▶ YOUR ASSIGNMENT: Everything in the records below except the pictures must be written out exactly.

** Opening LISTED RECORDS block **

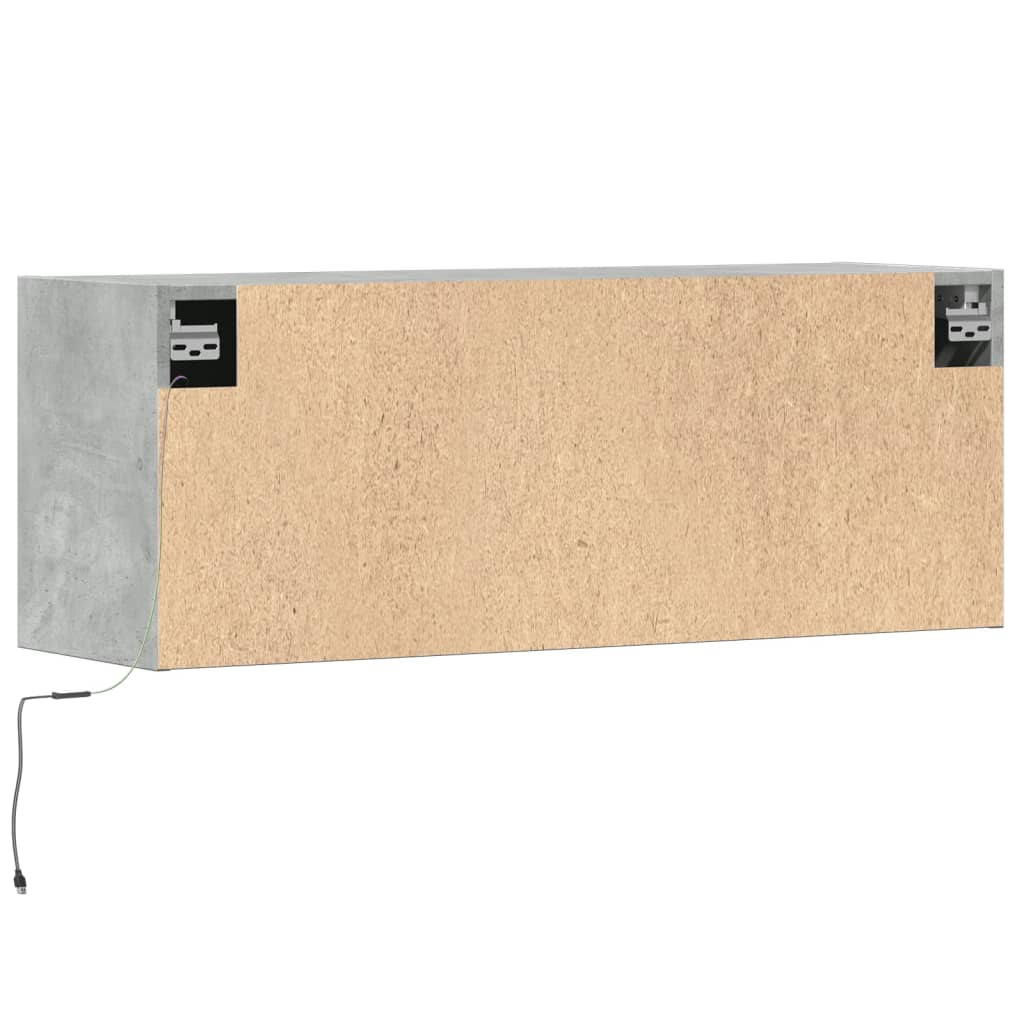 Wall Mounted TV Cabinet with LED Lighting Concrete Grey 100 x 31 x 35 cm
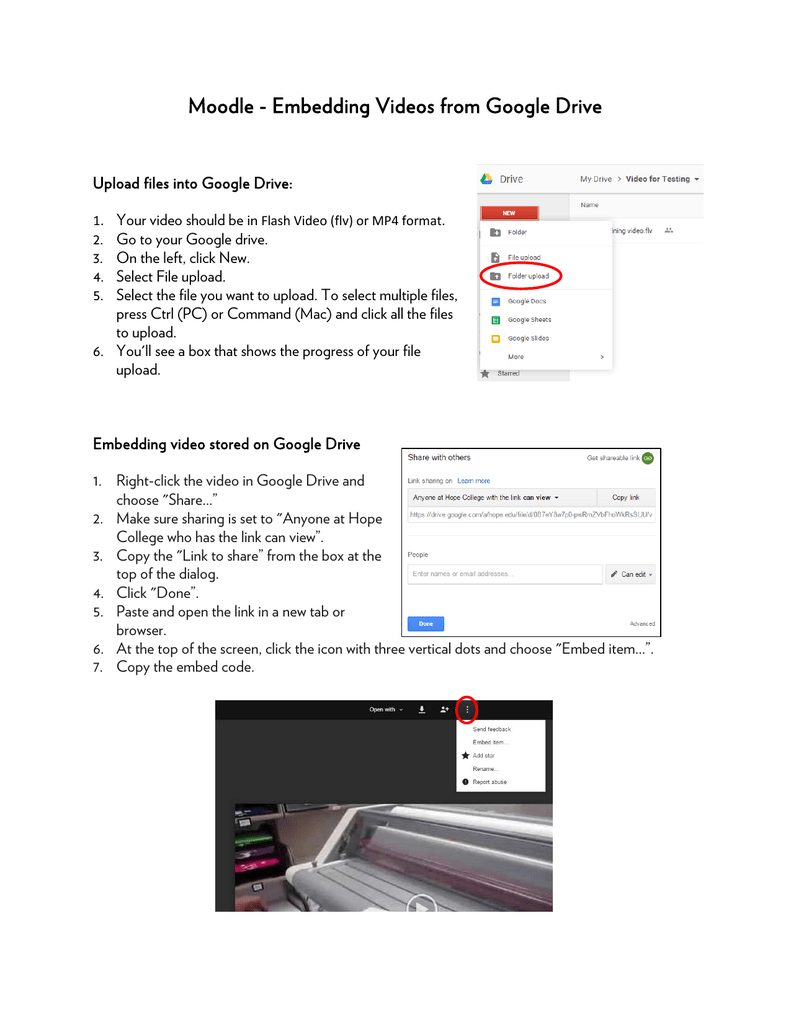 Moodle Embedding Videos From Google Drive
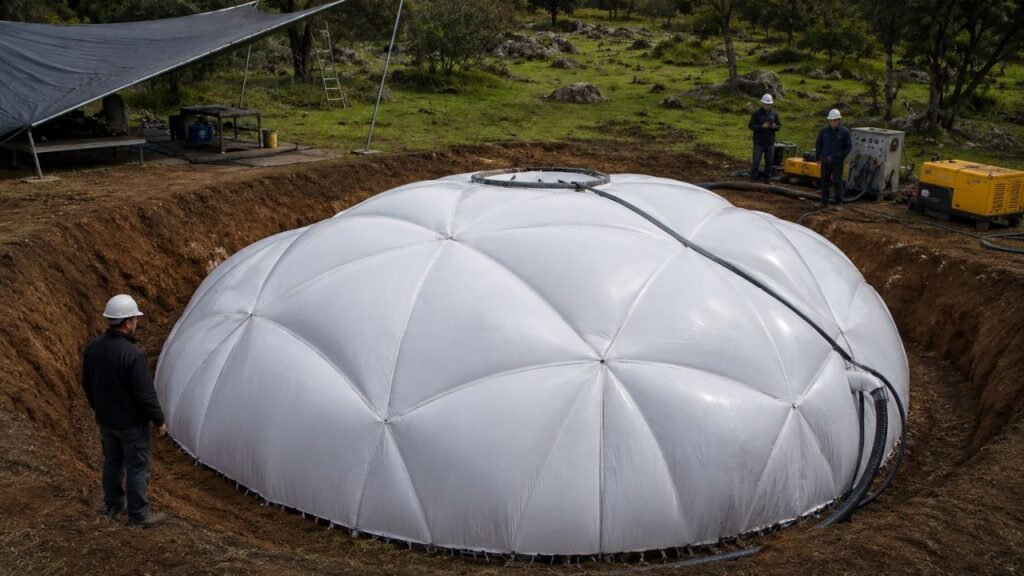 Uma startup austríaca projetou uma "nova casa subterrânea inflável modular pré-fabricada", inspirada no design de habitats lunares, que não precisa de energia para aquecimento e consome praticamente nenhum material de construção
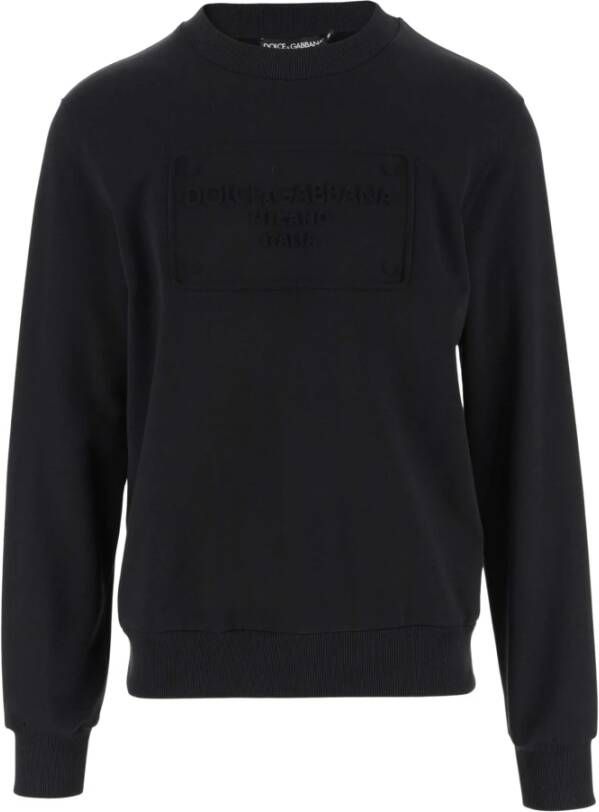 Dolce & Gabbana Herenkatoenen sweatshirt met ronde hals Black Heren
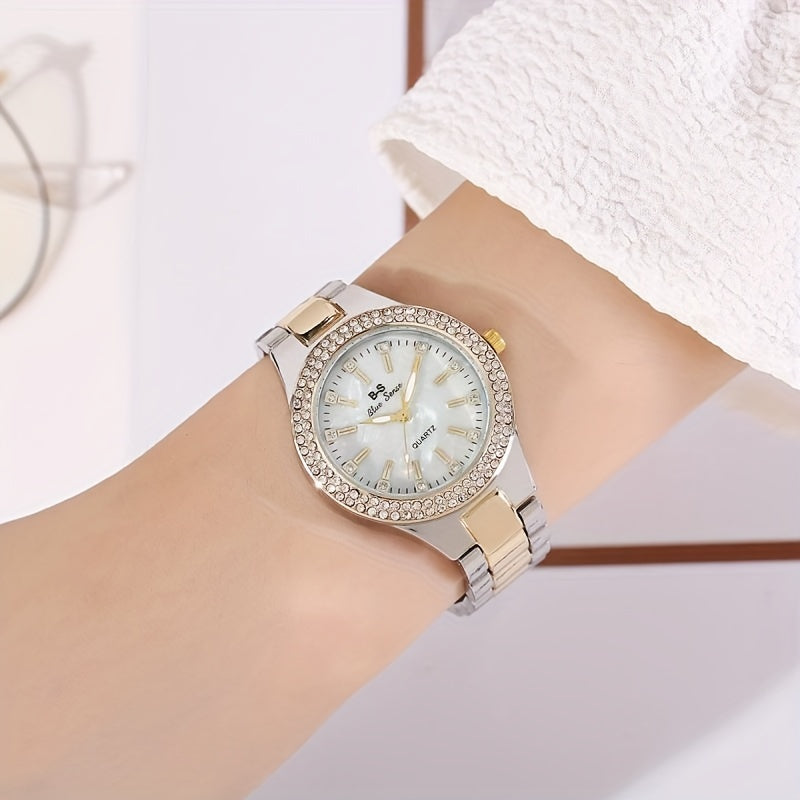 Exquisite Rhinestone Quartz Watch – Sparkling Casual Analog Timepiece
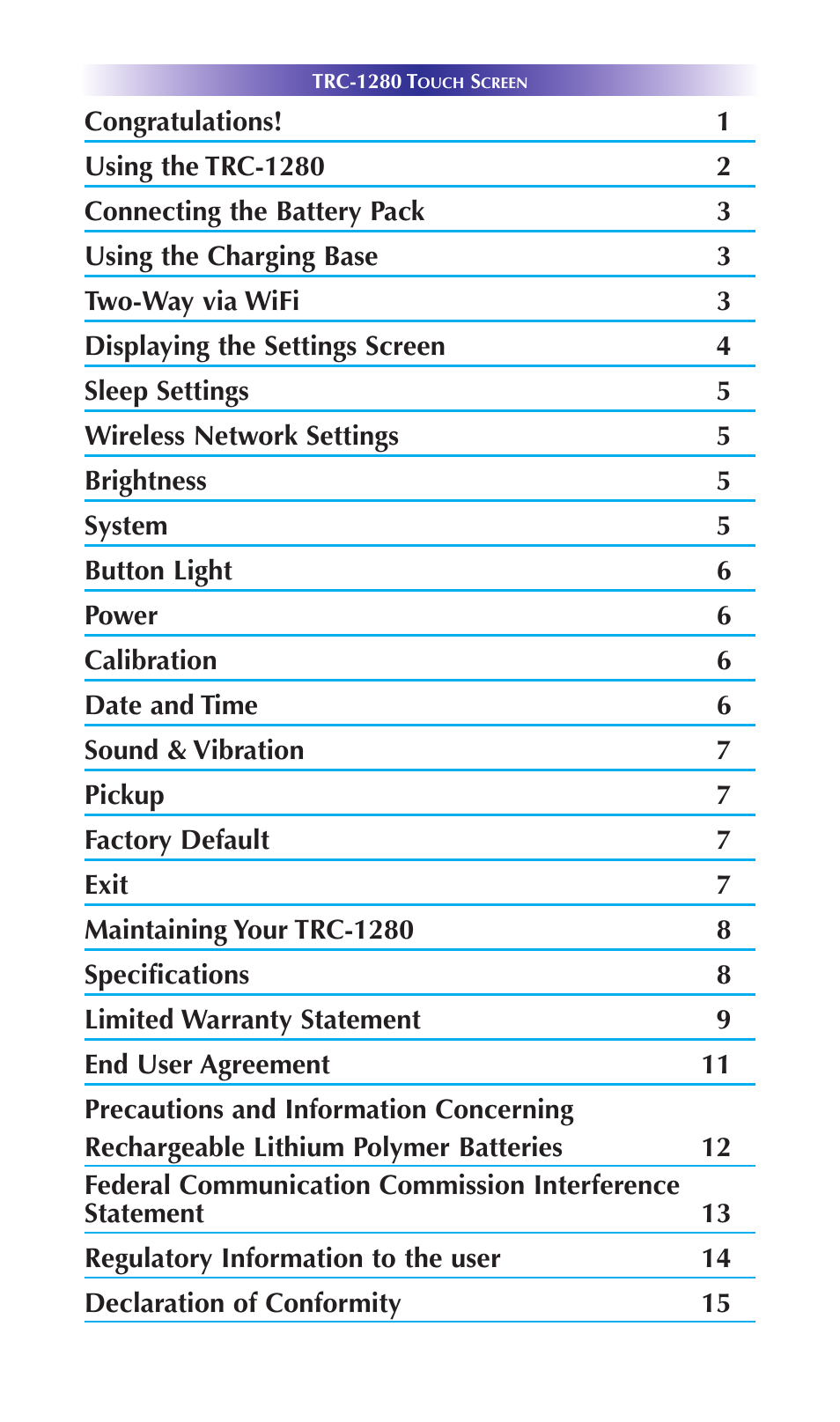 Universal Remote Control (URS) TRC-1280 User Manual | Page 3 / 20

** Closing LISTED RECORDS block **

▶ SOLUTION FOR THIS TASK:
 Wall Mounted TV Cabinet with LED Lighting Concrete Grey 100 x 31 x 35 cm
 Moodle Embedding Videos From Google Drive
 Uma startup austríaca projetou uma "nova casa subterrânea inflável modular pré-fabricada", inspirada no design de habitats lunares, que não precisa de energia para aquecimento e consome praticamente nenhum material de construção
 Dolce & Gabbana Herenkatoenen sweatshirt met ronde hals Black Heren
 Exquisite Rhinestone Quartz Watch – Sparkling Casual Analog Timepiece
 Universal Remote Control (URS) TRC-1280 User Manual | Page 3 / 20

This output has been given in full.